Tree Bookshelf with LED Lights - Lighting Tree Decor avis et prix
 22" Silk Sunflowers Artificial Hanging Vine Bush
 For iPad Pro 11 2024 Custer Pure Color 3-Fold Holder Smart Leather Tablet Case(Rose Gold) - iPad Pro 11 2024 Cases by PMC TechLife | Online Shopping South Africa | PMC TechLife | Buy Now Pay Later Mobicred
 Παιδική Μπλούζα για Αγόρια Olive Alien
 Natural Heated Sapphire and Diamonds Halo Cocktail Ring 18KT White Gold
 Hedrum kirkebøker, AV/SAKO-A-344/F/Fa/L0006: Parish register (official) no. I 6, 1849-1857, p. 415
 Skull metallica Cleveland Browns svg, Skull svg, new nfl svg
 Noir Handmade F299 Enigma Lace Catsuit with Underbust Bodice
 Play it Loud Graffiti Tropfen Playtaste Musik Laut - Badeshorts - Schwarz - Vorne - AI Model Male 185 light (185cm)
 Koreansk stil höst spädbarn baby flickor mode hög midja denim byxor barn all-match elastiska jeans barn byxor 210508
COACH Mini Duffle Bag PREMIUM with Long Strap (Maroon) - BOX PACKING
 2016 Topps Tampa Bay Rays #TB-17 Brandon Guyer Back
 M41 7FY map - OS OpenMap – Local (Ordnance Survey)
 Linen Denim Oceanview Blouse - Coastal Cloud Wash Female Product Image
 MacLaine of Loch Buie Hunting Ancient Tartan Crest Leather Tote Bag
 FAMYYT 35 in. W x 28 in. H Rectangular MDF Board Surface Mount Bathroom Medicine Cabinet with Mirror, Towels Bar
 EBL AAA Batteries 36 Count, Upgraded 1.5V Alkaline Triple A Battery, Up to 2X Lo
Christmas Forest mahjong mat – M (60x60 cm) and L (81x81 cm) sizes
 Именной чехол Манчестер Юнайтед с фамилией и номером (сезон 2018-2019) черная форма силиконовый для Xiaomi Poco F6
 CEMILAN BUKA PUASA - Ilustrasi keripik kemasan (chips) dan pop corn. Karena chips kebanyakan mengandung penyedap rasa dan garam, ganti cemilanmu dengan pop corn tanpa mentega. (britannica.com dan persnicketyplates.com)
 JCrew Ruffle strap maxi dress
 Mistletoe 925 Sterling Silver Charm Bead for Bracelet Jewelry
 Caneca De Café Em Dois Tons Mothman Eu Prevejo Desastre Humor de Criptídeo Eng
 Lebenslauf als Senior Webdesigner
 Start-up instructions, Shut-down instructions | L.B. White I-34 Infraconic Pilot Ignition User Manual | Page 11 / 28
■ ■ ■ ■
One number should be returned: how many lines in the records contain the word "Gold".

- Response below: 2